We are also of the opinion that under sections 20 (a) and 20 (b) of the Register of Wills Act of June 7, 1917, P. L. 415, the caveat filed by the appellant in this case operated as a stay against Curl H. Phillips for the full ten days after the caveat was filed, that being the time within which appellant could file his bond and continue his caveat■ in force thereafter, as required by the act.

“The office of the caveat is to arrest the proceedings until the truth of the facts alleged or affecting the validity of the will can be determined and it inures to the benefit of all parties interested in the subject (Ottinger v. Ottinger, 17 S. & R. 143), and a caveat separately filed by each heir-at-law or other person interested is unnecessary. Each heir-at-law has the right to an issue if he can show facts that would sustain a verdict against the will: Schwilke’s Appeal, 100 Pa. 628. This right is saved to all, however, by the caveat of any one of these persons filed within the proper time, since all the others may be, and must be, joined or afforded an opportunity to join, in the contest:” Miller’s Estate, 166 Pa. 97, 109.
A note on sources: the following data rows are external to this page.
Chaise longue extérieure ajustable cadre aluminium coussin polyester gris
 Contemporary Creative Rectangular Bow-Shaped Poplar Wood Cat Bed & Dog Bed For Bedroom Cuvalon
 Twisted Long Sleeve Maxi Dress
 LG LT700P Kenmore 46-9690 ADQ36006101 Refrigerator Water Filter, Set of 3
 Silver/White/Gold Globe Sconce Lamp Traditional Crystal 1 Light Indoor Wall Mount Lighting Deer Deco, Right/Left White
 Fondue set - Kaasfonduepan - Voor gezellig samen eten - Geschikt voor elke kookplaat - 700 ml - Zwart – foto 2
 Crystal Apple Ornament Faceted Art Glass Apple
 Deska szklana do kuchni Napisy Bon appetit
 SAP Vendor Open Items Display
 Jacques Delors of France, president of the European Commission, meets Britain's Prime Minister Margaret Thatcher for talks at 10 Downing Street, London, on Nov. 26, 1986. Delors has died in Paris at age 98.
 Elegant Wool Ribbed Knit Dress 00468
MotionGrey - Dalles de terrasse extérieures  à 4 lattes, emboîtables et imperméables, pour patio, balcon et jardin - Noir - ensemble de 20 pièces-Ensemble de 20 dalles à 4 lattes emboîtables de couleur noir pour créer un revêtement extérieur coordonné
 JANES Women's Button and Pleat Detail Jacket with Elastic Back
“Caveat, let him beware, is a notice given by a party having an interest, to some officer not to do an act till the party giving the notice has a chance to be heard, as to the register of wills . . . not to grant letters of administration . . . until the objections can be heard:” Kenyon v. Stewart, 44 Pa. 179, 190. Here, the caveator takes advantage of a right he has to prevent Curl H. Phillips from taking out letters for ten days, and within that period caveator petitions for and is granted the letters without notice to him. No hearing should have been had within said ten days’ period unless by agreement of the parties, and no action should have been taken by the register within that period without an opportunity granted to Curl H. Phillips to be heard. The granting of letters to the caveator within that period was, under the circumstances, prematurely and inconsiderately done. An improvident decree has been defined to be “one which has been prematurely or inconsiderately made:” Hawkins, Orphans’ Court Practice, 28, page 32.

Was it within the power of the register to revoke letters granted to appellant? Section 5 of the Register of Wills Act of June 7, 1917, P. L. 415, provides that “any register of wills shall have power to revoke letters of administration granted by him whenever it shall be made to appear to him that such letters have been granted to, or on the nomination of, persons who are not the next of kin of the decedent entitled to administer, or whenever, after the granting of letters of administration, a will of the decedent shall be duly proved and admitted to probate.”

*486The commission who drew up this act of assembly, in its note relating to this section, says as follows: “This is a new section, intended to be declaratory of the existing law and to remove any possible doubt as to the original jurisdiction of the register in the oases mentioned, as distinguished from the revocation of letters testamentary.” Prior to the Act of 1917, it had become the established practice in this State for the register to revoke letters of administration wrongfully and improvidently granted by him: McCaffrey’s Estate, 38 Pa. 331; Hermes’s Estate, 32 Pitts. L. J. 474; Williams’s Appeal, 7 Pa. 259; Comfort’s Estate, 12 Pa. C. C. Reps. 571; Harman’s Estate, 1 Lanc. Law Rev. 204; Neidig’s Estate, 183 Pa. 492.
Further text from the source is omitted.